Présenté en compétition lors du dernier Festival de Cannes, Jimmy’s Hall, de Ken Loach, n’y aura pas reçu un accueil enthousiaste. Bien à tort. Si ce film n’atteint peut-être pas la force de celui qu’il avait déjà consacré à l’Irlande – Le vent se lève (Palme d’or en 2006) – il s’inscrit parfaitement dans cette continuité.
On est au début des années 30. Jimmy Gralton, après un exil de 10 ans aux USA, retourne en Irlande pour aider sa mère à s’occuper de la ferme familiale. Dix ans après la guerre civile, alors que l’Irlande s’est dotée d’un nouveau gouvernement, les jeunes de son village s’ennuient fermement. Ils vont lui demander de rouvrir le « Pearse and Connolly Hall », un foyer dans lequel on pourra danser, lire, apprendre à chanter ou à dessiner, faire de la musique ou même de la boxe. Mais le succès remporté par ce patronage populaire ne sera pas du goût de tout le monde. L’Eglise y voit l’œuvre du diable et les autorités un foyer de subversion communiste…
Derrière la caméra de Loach, plus que jamais cinéaste de la « common decency », c’est toute la vie une communauté rurale du Comté de Leitrim qui est représentée. Interprété par l’excellent acteur irlandais Barry Ward, Jimmy Gralton incarne la figure du héros ordinaire vers lequel se tourne spontanément le petit peuple. Autour de lui gravitent tout un ensemble de personnages secondaires hauts en couleur que le réalisateur met en scène avec tendresse et retenue.

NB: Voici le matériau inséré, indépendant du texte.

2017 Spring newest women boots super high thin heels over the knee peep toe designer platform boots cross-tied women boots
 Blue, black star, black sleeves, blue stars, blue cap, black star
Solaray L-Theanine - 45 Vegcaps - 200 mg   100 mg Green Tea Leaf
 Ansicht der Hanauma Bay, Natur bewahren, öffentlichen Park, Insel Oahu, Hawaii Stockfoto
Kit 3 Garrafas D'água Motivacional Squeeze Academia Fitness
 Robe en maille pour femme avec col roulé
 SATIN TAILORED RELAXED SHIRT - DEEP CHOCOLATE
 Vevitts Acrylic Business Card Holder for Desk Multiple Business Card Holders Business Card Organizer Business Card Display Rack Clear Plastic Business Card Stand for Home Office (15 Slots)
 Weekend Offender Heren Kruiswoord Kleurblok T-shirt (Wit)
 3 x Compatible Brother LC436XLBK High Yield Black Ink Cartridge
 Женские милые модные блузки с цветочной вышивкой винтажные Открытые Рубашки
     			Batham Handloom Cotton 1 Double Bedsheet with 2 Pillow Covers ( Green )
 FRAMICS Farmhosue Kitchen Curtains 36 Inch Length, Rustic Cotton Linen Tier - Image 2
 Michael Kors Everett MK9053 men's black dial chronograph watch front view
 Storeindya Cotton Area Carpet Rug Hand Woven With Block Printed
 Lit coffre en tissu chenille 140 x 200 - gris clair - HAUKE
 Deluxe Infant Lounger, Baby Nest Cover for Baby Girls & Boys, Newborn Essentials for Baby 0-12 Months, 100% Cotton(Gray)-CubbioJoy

Au travers de cette histoire, Ken Loach a voulu remettre en cause « l’idée que la gauche est moribonde, déprimante et hostile à l’humour, au plaisir et à la fête » (Marianne 27/06/14). Dans un entretien accordé à L’Express (03/07/14), il affirme « qu’il y a toujours des batailles à mener. Lutter contre l’orthodoxie ultra -libérale est le plus grand défi actuel. Cette politique mène au chaos. Elle nous tue. Jimmy Gralton luttait, lui aussi, contre la pensée dominante. A l’époque c’était l’Eglise, aujourd’hui c’est le pouvoir économique. » Selon le réalisateur, Jimmy’s Hall devrait être son dernier film. On espère vivement qu’il n’en sera rien.